__TO DO__. In the entries below, the lines from the one with "kitchen featuring beam" through the one with "KhaleesiMoon, in a" are to be copied exactly; both ends count.

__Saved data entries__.
[Start of section]
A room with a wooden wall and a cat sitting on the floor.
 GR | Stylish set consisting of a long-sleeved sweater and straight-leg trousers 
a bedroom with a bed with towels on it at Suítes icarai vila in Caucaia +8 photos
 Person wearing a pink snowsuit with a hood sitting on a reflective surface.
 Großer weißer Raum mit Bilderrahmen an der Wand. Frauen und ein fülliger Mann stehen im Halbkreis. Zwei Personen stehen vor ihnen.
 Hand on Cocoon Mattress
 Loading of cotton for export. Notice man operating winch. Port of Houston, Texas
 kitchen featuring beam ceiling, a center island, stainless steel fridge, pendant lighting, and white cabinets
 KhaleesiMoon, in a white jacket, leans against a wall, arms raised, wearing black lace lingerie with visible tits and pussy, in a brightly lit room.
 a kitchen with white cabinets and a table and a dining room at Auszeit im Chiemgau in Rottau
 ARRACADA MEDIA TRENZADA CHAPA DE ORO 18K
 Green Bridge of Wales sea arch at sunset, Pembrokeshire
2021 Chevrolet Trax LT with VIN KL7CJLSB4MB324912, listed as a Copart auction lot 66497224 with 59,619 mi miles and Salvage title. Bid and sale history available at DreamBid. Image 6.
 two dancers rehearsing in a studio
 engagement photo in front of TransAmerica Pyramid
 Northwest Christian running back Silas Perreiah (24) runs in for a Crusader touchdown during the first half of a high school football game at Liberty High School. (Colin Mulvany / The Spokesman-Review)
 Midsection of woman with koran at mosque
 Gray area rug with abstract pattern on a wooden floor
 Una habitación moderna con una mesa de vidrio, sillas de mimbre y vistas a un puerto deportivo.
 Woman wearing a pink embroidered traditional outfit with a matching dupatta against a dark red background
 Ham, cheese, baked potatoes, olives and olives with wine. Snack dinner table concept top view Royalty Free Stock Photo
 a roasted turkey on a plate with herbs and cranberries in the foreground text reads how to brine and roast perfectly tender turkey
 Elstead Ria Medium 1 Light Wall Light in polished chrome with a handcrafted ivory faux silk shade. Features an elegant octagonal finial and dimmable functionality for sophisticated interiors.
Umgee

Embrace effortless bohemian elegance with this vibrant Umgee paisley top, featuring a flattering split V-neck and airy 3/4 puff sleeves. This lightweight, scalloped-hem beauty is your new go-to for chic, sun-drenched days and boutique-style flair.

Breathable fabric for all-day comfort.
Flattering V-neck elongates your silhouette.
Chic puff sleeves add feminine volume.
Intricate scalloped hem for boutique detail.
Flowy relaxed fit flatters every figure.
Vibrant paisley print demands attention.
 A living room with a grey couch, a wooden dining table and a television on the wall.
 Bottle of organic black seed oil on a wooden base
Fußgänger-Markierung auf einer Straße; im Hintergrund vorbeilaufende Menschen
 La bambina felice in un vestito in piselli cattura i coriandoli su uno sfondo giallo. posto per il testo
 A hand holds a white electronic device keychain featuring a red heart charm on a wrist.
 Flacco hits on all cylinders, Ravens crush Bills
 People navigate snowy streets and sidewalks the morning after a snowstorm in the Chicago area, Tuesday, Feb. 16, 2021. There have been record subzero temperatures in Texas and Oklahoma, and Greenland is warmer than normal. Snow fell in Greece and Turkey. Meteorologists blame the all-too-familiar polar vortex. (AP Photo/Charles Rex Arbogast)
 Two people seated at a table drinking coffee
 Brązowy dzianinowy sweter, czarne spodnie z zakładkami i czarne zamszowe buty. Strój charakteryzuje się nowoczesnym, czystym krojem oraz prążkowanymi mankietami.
[End of section]
__TASK RESPONSE__.
 kitchen featuring beam ceiling, a center island, stainless steel fridge, pendant lighting, and white cabinets
 KhaleesiMoon, in a white jacket, leans against a wall, arms raised, wearing black lace lingerie with visible tits and pussy, in a brightly lit room.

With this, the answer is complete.